BELEAGUERED Chief Constable Barry Shaw has come under renewed fire after refusing to fill in the blanks in the balance sheet for Operation Lancet.

The Cleveland Police chief said the overall cost of the three-year long investigation amouned to £3.25m, in a report to the Police Authority last week.

But a breakdown of totals revealed that expenditure, including the salaries of eight suspended officers, had not been accounted for.

And a 50 per cent increase in the budget for special inquiries, from £1m to £1.5m, has also not been explained.

A Cleveland Police spokes-man said no further information would be provided, unless it was requested by the Police Authority.

But MP Ashok Kumar criticised Mr Shaw for refusing to explain how taxpayers' money had been spent.

The Middlesbrough South and East Cleveland MP, a long-standing critic of the handling of the inquiry, said: "It is absolutely shameful. The Chief Constable gets his salary paid by the public purse and he has the cheek to say he is not going to answer questions."

The police spokesman said no further information had been requested by the Police Authority but Mr Kumar said this was a damning indictment of the authority's inability to monitor the situation.

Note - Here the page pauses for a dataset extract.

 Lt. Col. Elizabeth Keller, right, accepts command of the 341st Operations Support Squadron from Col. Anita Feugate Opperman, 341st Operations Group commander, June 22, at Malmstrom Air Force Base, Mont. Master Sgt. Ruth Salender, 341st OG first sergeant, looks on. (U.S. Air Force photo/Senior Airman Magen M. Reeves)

He said: "The Police Authority has miserably failed to make the Chief Constable accountable. Democracy is being thrown out of the window."

Mr Kumar said the salaries of the suspended officers would come in at about £1.5m, and the Chief Constable's figure also did not include the cost of his own time and other inquiries set up alongside Lancet.

The police spokesman said: "The information provided is all that is in the public domain. It is not our intention to provide data at a more detailed level."

The Crown Prosecution Service last week announced that no criminal charges would be brought under Lancet, although disciplinary hearings could still take place.